There is a sign. In my office. Reminding people to *BATHE REGULARLY. *There are people. Many people. In my office. Who do not obey said sign. To say I understand the deep loathing you have for the human race (especially at work) is an understatment.


About the politically correct thing. My bf is Hindi, however he "celebrates" Christmas. Not in the Christian sense, but in that he decorates the house with lights and buys a tree and his whole family gets together and cooks a turkey. With Indian spices. But it's a turkey.
No one in the family gets offended by the word "Christmas", which is nice.

To me what is not "politically correct" is the fact that guy doesn't eat beef and pork because of his religion and in the ******* oasis we live in, he gets _heckled for it._ That to me is just plain rude.


----------



## Bearkiller (Aug 10, 2011)

Speed Racer said:


> Farmpony, there are a lot of things I'm not crazy about here in the heart of Baptist Land,


Exactly what's wrong with Baptists? :evil:


----------



## demonwolfmoon (Oct 31, 2011)

Spyder said:


> And just because your religion/culture belittles females and you are NOT in your country but mine you do NOT act or treat me as second class when I am talking business in your place of business, either over the phone or in person.
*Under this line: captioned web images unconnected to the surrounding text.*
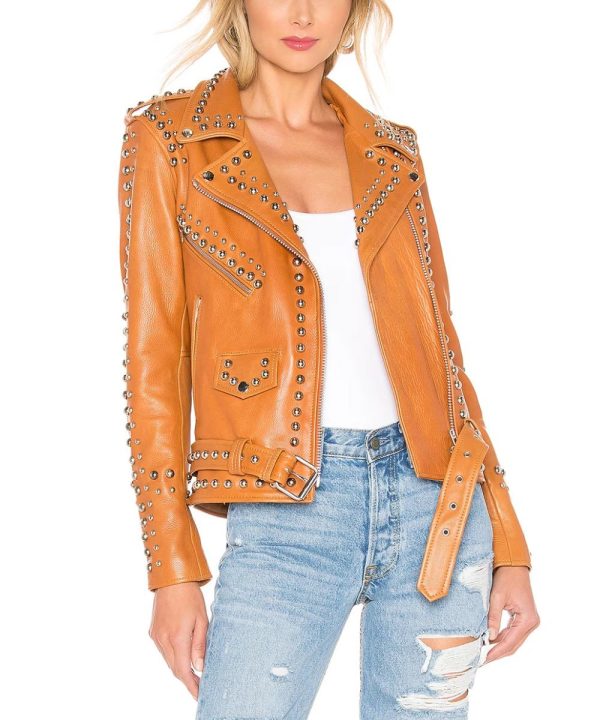 Women's Western Dome Studded Easy Rider Bomber Jacket Brown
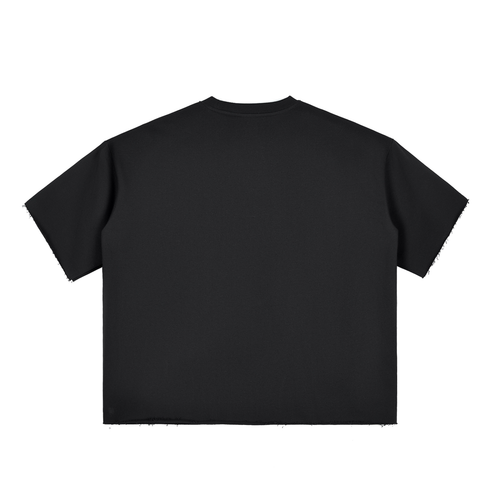 UNO Boxy Half-Sleeve Raw-Edge Tee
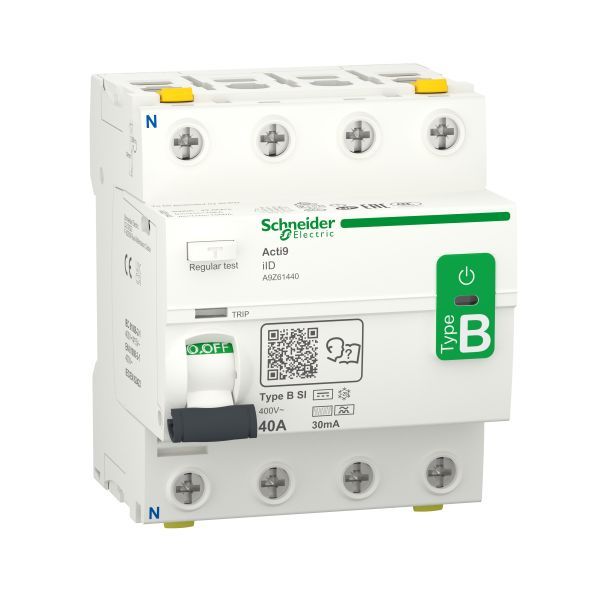 Schneider A9Z61440 Fehlerstrom-Schutzschalter (FI) Allstromsensitiv Acti9-iID, 4-polig, 40A, 30mA, Typ B-SI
ooooh, this one. I would hate to see anyone OVERTLY do this to me. I am just flat out combative about this, and I swear, I'd probably beat up some poor sap who belittled me for my gender.


Actually I was cranky one day and chewed the ear off of an Autozone employee that kept asking if I needed help. He was surprised and said at least for HIM, he asks everyone, especially the people looking at the air conditioner refills (apparently they have a problem with "mechanics" refilling systems with leaks and it just spills out all over their parking lot LOL.)


----------



## sarahver (Apr 9, 2010)

farmpony84 said:


> I sent out an e-mail to the world asking for help decorating the tree in the lobby. Because we live in a country where people have fought hard for many things, religious freedoms being one of them. I chose to be politically correct and called it a Holiday Tree. You would not believe how many attacks I have endured over it.... grumpy!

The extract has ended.